Jade groans loudly and tips her head back until it plunks hard against the back of Tori's sofa. She so doesn't want to spend another minute here, doing this.

"Let's say that Andre and Cat have been dating for a while now, and want to break up."

"Heh," chuckles Rex who is really Robbie, "Bet it won't be as messy as Beck and Jade's."

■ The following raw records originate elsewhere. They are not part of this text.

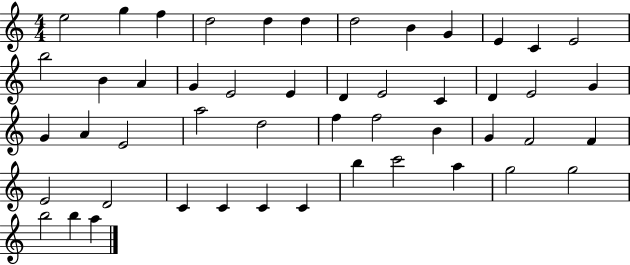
{
  \clef treble
  \numericTimeSignature
  \time 4/4
  \key c \major
  e''2 g''4 f''4 | d''2 d''4 d''4 | d''2 b'4 g'4 | e'4 c'4 e'2 | \break b''2 b'4 a'4 | g'4 e'2 e'4 | d'4 e'2 c'4 | d'4 e'2 g'4 | \break g'4 a'4 e'2 | a''2 d''2 | f''4 f''2 b'4 | g'4 f'2 f'4 | \break e'2 d'2 | c'4 c'4 c'4 c'4 | b''4 c'''2 a''4 | g''2 g''2 | \break b''2 b''4 a''4 | \bar "|."
}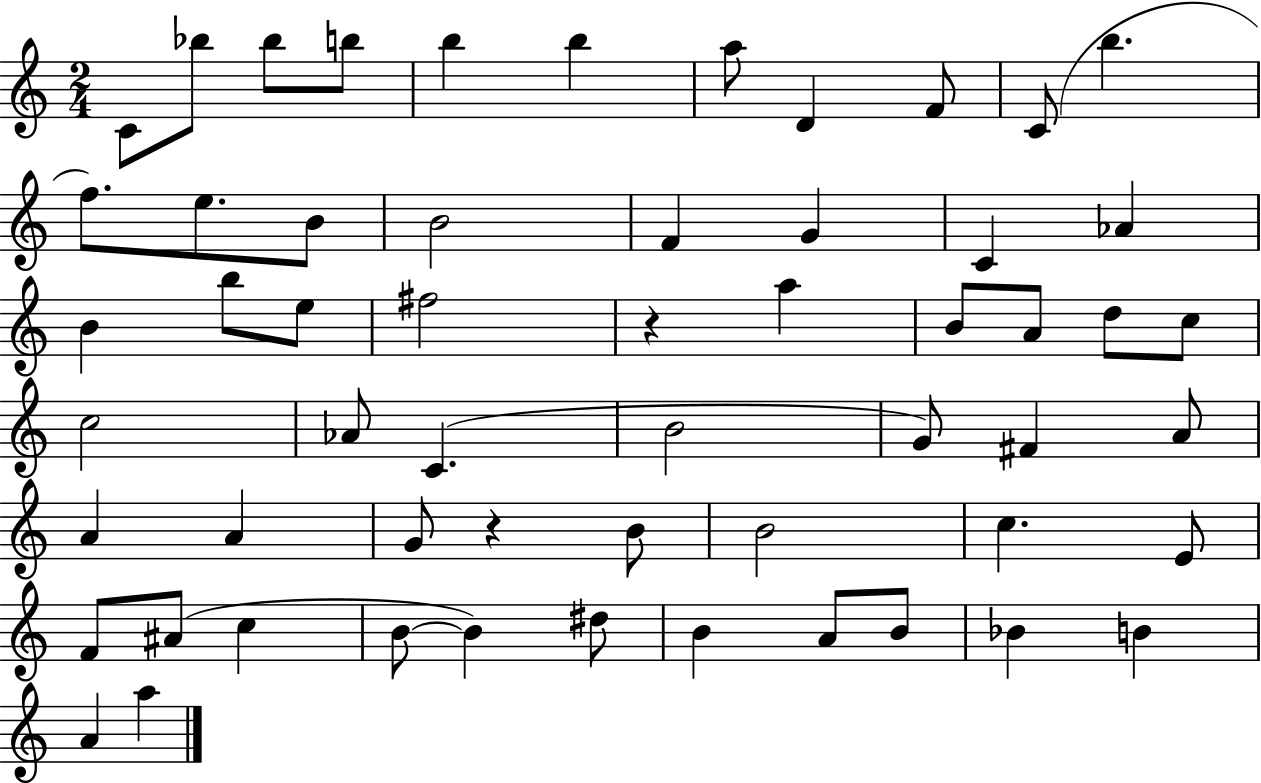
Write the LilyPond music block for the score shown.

{
  \clef treble
  \numericTimeSignature
  \time 2/4
  \key c \major
  c'8 bes''8 bes''8 b''8 | b''4 b''4 | a''8 d'4 f'8 | c'8( b''4. | \break f''8.) e''8. b'8 | b'2 | f'4 g'4 | c'4 aes'4 | \break b'4 b''8 e''8 | fis''2 | r4 a''4 | b'8 a'8 d''8 c''8 | \break c''2 | aes'8 c'4.( | b'2 | g'8) fis'4 a'8 | \break a'4 a'4 | g'8 r4 b'8 | b'2 | c''4. e'8 | \break f'8 ais'8( c''4 | b'8~~ b'4) dis''8 | b'4 a'8 b'8 | bes'4 b'4 | \break a'4 a''4 | \bar "|."
}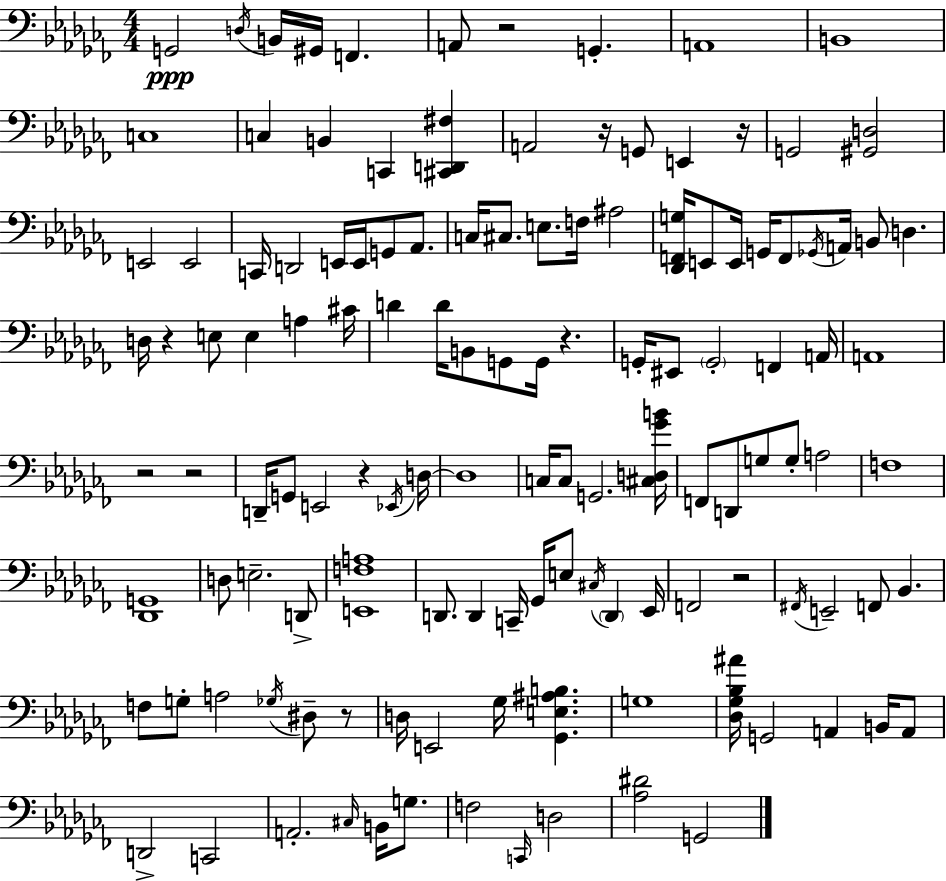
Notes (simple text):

G2/h D3/s B2/s G#2/s F2/q. A2/e R/h G2/q. A2/w B2/w C3/w C3/q B2/q C2/q [C#2,D2,F#3]/q A2/h R/s G2/e E2/q R/s G2/h [G#2,D3]/h E2/h E2/h C2/s D2/h E2/s E2/s G2/e Ab2/e. C3/s C#3/e. E3/e. F3/s A#3/h [Db2,F2,G3]/s E2/e E2/s G2/s F2/e Gb2/s A2/s B2/e D3/q. D3/s R/q E3/e E3/q A3/q C#4/s D4/q D4/s B2/e G2/e G2/s R/q. G2/s EIS2/e G2/h F2/q A2/s A2/w R/h R/h D2/s G2/e E2/h R/q Eb2/s D3/s D3/w C3/s C3/e G2/h. [C#3,D3,Gb4,B4]/s F2/e D2/e G3/e G3/e A3/h F3/w [Db2,G2]/w D3/e E3/h. D2/e [E2,F3,A3]/w D2/e. D2/q C2/s Gb2/s E3/e C#3/s D2/q Eb2/s F2/h R/h F#2/s E2/h F2/e Bb2/q. F3/e G3/e A3/h Gb3/s D#3/e R/e D3/s E2/h Gb3/s [Gb2,E3,A#3,B3]/q. G3/w [Db3,Gb3,Bb3,A#4]/s G2/h A2/q B2/s A2/e D2/h C2/h A2/h. C#3/s B2/s G3/e. F3/h C2/s D3/h [Ab3,D#4]/h G2/h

"Rex!" Robbie shouts outraged, as if he wasn't the one to actually say it, and clamps his hand down on the stupid puppet's mouth. Cat looks alarmed, she claps her hands to her mouth, eyes wide, staring at Jade, and Andre looks down at the carpet, mutters something that sounds suspiciously like "It is way too early in the week for bloodshed." Jade can't see Tori, but she would bet every pair of scissors she owns that the girl had various degrees of outrage on her face, that her mind was already racing through scenario after scenario on how to fix this.

Jade feels like her entire body has been submerged in icy water. For second she truly doesn't know why to do, and she just kind of sits there with her mouth slightly open. It's not like she hasn't thought about the break up, it's not like she doesn't know that they have broken up, but this is the first time it's ever been mocked in front of her, by a puppet, no less, and it makes her want to legitimately kill someone. Maybe herself, because dear lord, he's right.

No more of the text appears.